III. Voraussetzungen des diplomatischen Schutzes
Die Ausübung diplomatischen Schutzes durch den Heimatstaat ist völkergewohnheitsrechtlich an drei Voraussetzungen geknüpft, sofern nicht vertraglich anderweitige Vereinbarungen getroffen wurden.
1. Völkerrechtswidriges Verhalten
Zunächst bedarf es eines völkerrechtswidrigen Verhaltens eines Staates bzw. eines anderen Völkerrechtssubjektes, damit diplomatischer Schutz gewährt werden kann. Das völkerrechtswidrige Verhalten kann in einem Handeln, aber auch in einem Unterlassen bestehen. Bei dem Verstoß kann es sich sowohl um eine Missachtung des Völkergewohnheitsrechts oder Allgemeiner Rechtsgrundsätze als auch von völkervertraglichen Verpflichtungen handeln, die eine durch das Völkerrecht verpflichtete Hoheitsgewalt gegenüber fremden Staatsangehörigen einzuhalten hat. Praktisch am bedeutsamsten sind Verstöße gegen den fremdenrechtlichen Mindeststandard.
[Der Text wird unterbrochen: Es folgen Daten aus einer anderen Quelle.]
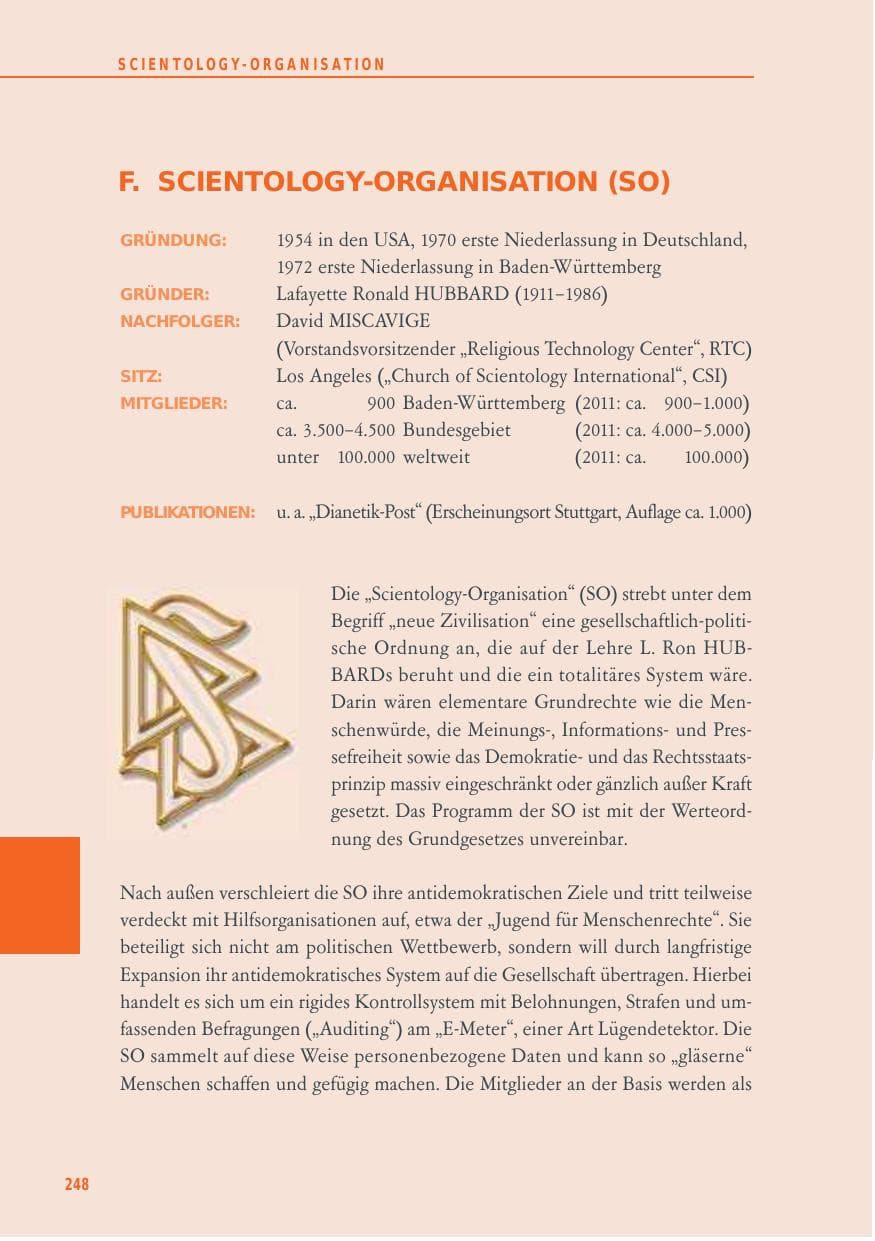 Seite 248 des Verfassungsschutzbericht 2012 Baden-Württemberg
2. Staatsangehörigkeit/Staatszugehörigkeit
Weitere Voraussetzung ist, dass die natürliche oder juristische Person, zu deren Gunsten ein Staat diplomatischen Schutz ausüben möchte, dessen → Staatsangehörigkeit/Staatszugehörigkeit besitzt. Während bei natürlichen Personen in diesem Zusammenhang das Staatsangehörigkeitsrecht des Heimatstaates den Ausschlag gibt, sind als Anknüpfungspunkt für die Bestimmung der Staatszugehörigkeit juristischer Personen die Gründungs- und die Sitztheorie im Völkerrecht gleichermaßen anerkannt. Die natürliche oder juristische Person muss die Staatsangehörigkeit/Staatszugehörigkeit grundsätzlich vom Zeitpunkt der Verletzungshandlung bis zur Geltendmachung durch den Heimatstaat ununterbrochen beibehalten haben; Art. 5 Nr. 1 und Art. 10 Nr. 1 ILC-Entwurf. Sollte im Zeitraum zwischen der Verletzungshandlung und der Geltendmachung des Anspruchs ein Wechsel in der Staatsangehörigkeit/Staatszugehörigkeit eintreten, sieht der ILC-Entwurf in Art. 5 Nr. 2 – 4 und Art. 10 Nr. 2 – 3 Sonderregelungen vor.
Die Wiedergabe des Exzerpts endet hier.